Mothering From Scratch says
{Kathy} This is an issue close to our hearts at Mothering From Scratch. Updating the concept of Titus 2 as it applies to our daily lives as moms in this culture is a hard stretch. We simply don’t live in times with women hanging wash in their back yards while their children frolic in the sunshine and they get to talk and discuss. The happy medium of ministry and practicality is something that I really believe God honors.
Abby from Belgium says
Oh Dear, I do have women neighbours (even family neighbour) who hang their wash outside while our children frolic in the back yard overlapping back yards; but…… I am a christian and they are NOT. They are non believers. I don’t have anybody to talk too (Titus2/Proverbs31 talks….). So yes I seek community online. I am a 43 year old sahm of 2 girls with a non believing husband, who is kind, loving and who lets me pass on my faith to our lovely girls. But…., yes again but…. I have not 1 female friend ! The US is so different from Belgium. Oh, I am a Belgium (Flemish christian), but really wished for a believing community of women as in the States.
I have been following your blog/website for years now Amy. Thanks so much for everything. Wishing you, your family and all your readers a Happy Easter or as we say in Dutch (Flemish): Zalig Pasen!
Many blessings x
Abby
Amy says
Abby – My entire family just stopped and prayed for you and your family. We will continue to do so. My husband said to tell you you are welcome here anytime. 🙂
Sue says
Abby, I am in the same situation. I am a SAHM to 3 little ones and the only believer in our family and friend circle and also married to a non-believer, who is letting me raise our children in faith. Where I live in Canada living a Titus2/Proverbs31 life is VERY much looked down upon and mocked. It is so lonely and the only comfort I get is from online communities and blogs. If you’d ever like to chat please message me at cheerfulsuev@gmail.com, blessings, Sue 🙂
Amy says
Yes, well said.
Rach D says
Inspiring! I totally agree…as a small group leader of women in my church I see this all the time, “I don’t need anyone.”, but then you see the person asking for ‘help’ in passive (or agressive!) ways on Facebook, Twitter, etc. etc.

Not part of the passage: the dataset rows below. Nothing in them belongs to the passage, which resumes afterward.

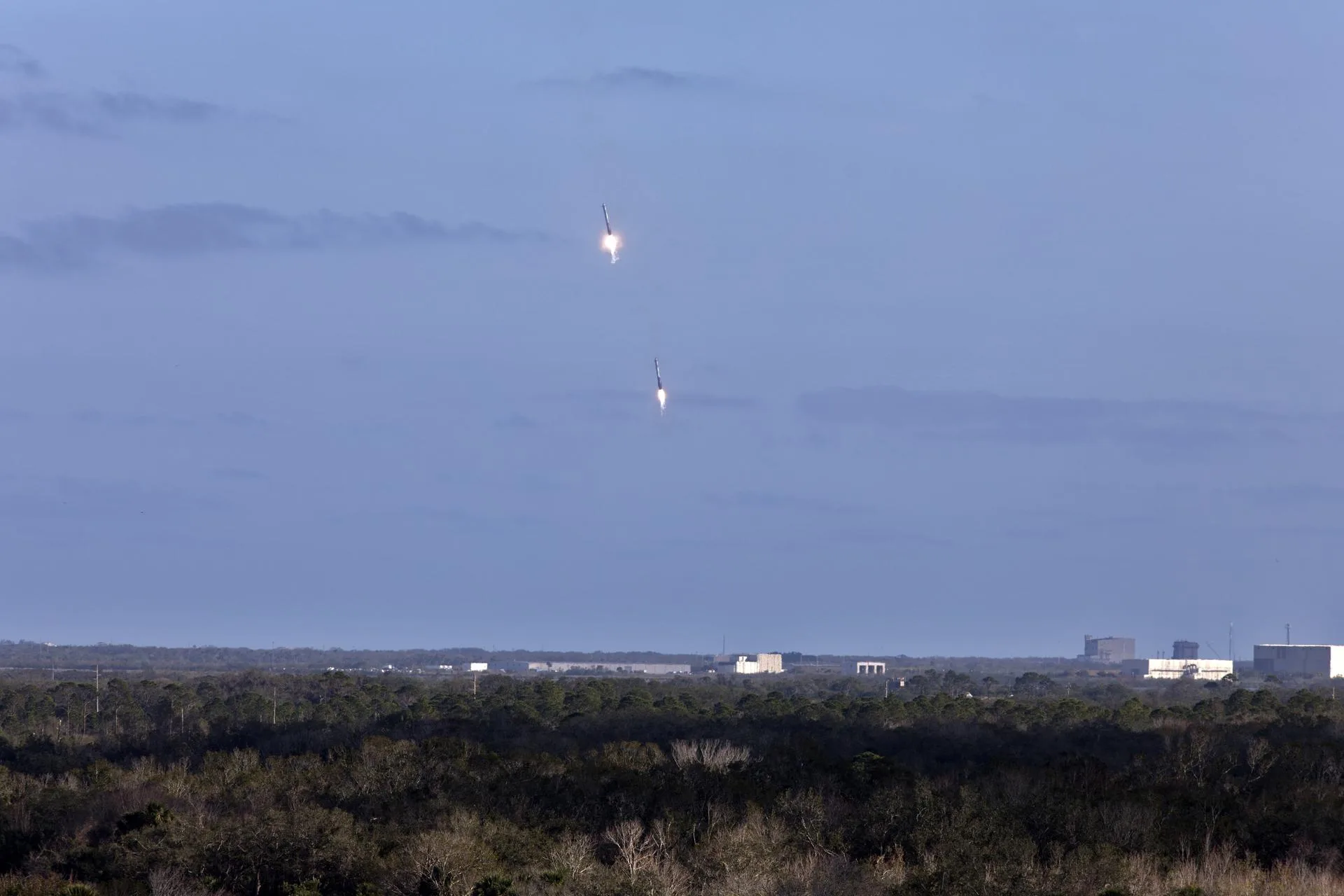 Falcon Heavy'nin iki yan iticisi, ilk uçuşun ardından Cape Canaveral'daki iniş alanlarına eşzamanlı olarak alçalıyor (6 Şubat 2018).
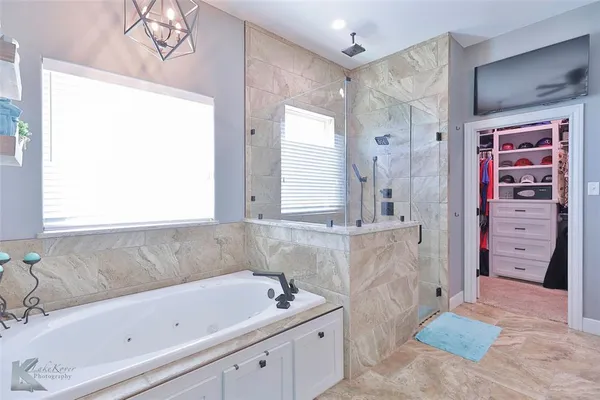 a bathroom with a tub sink and mirror
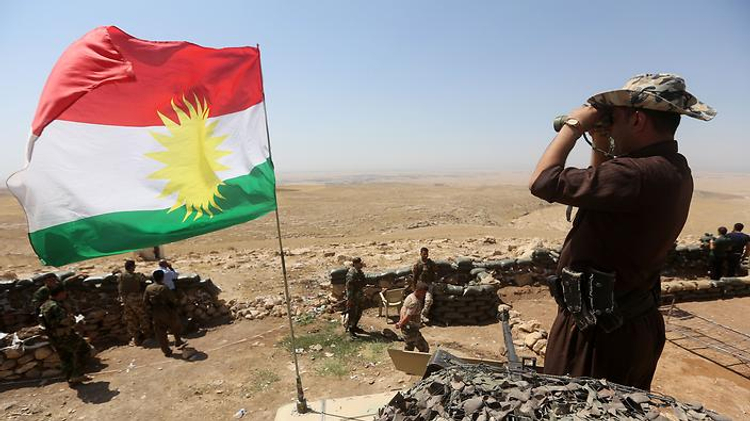 Iraqi Kurdish Peshmerga fighters take position to monitor the area from their front line post in Bashiqa, a town 13 kilometers north-east of Mosul on August 16, 2014.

You can never replace accountability with shallow relationships. You can never replace the way God mandated intentional mentoring with a whole bunch of shallow relationships online 🙂 Thanks for sharing this Amy!

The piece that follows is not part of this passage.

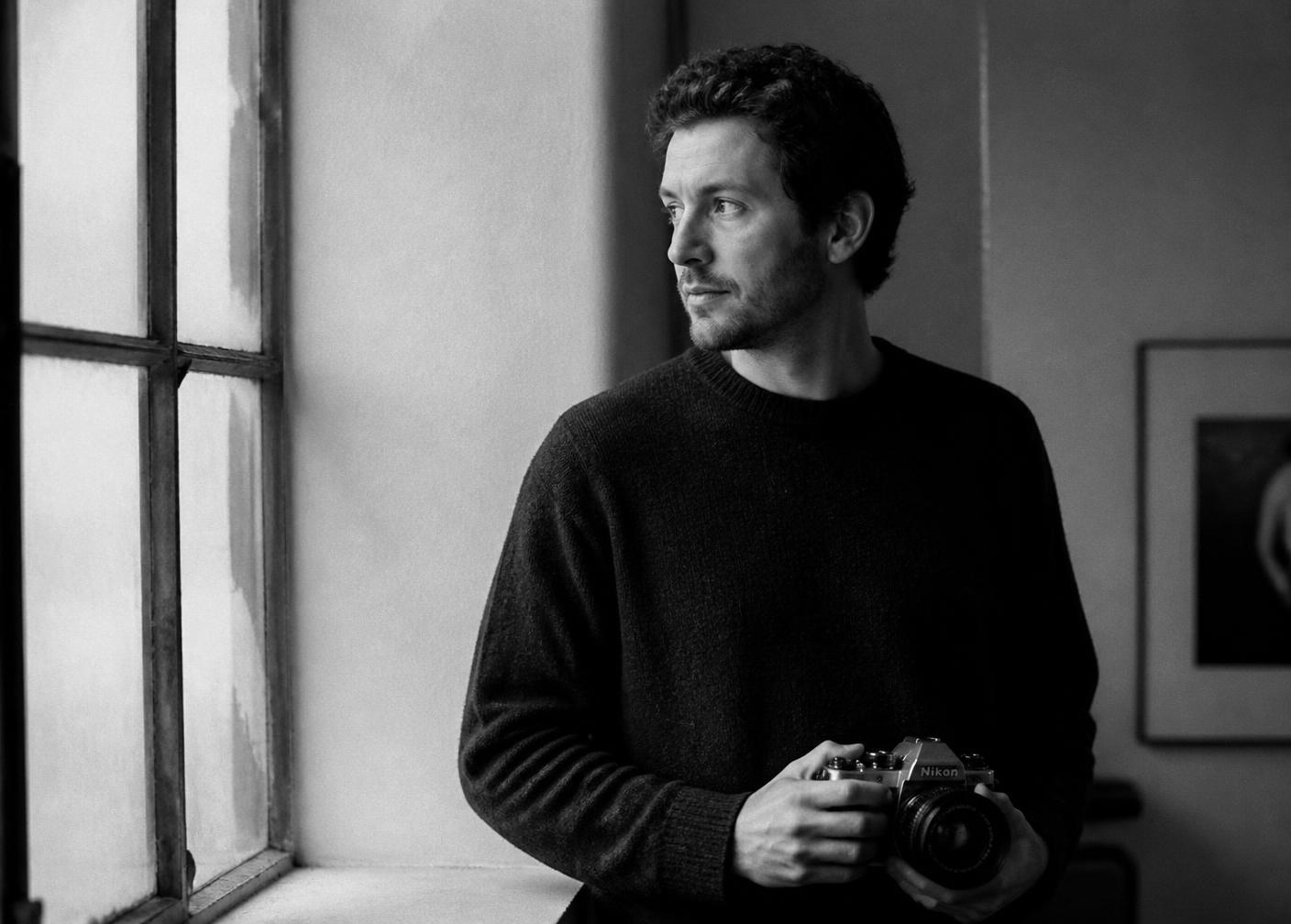 Portrait of photographer Jacopo Stortini holding a film camera by a window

Rachael @ Diamonds in the Rough
Amy says
Totally agree, Rachael!
Tori says
Great article, Amy! You always give me something to think about, and I appreciate that. Also, I wanted to say that I admire your decision to stop trying to be a “top blogger” which you recently posted about. So many blogs that I am in the habit of reading have become less focused on communicating important ideas and more focused on drawing in more traffic, of late (IMHO, of course). Thank you for consciously deciding to put content first, in blog terms. 🙂 Hope you have a lovely Easter!
Tonya says
Some younger women don’t want to be teachable these days. Thanks for this. May I share it on my blog and facebook? I hope to encourage more moms to think about this. I agree with Rachael.
Amy says
Certainly!
Kelsey says
More excellent and honest encouragement! Thanks, Amy. I’ve been blessed enough to have several excellent role models in our church’s congregation. I’ve also been very blessed by other, more experienced mothers online (like yourself!). So grateful to have both worlds nowadays. It’s great to be a modern woman in many ways. 🙂
–Kelsey
Kela Nellums says
Amy! You lay it down, dear sister!! You’re so right!
In today’s time, its so difficult to have permission to fully speak into someone’s life because a person quickly jumps to feelings of being judged when the mentor’s true heart is to point back to God’s Word.
Another sad aspect is the busy-ness of life and no margin allowed for TRUE hearing and learning.
In the fast speed of internet, a recipe is easy to look up and figure out. No more needed calls to that sweet woman that’s been making that same recipe for 100 years!
I’ve reached out to a couple of women before, but in today’s age, they’ve found that being in the work force is necessary for them to survive, thus cutting out time to be effective mentors.
I’ve had women reach out to me only to meet a couple of times only, but can never find (make) the time again.
I think there’s a “quick fix” mentality that abounds without the mentee realizing that they haven’t gotten to the root of what everything is. Instead of steady progress, they’re on a roller coaster.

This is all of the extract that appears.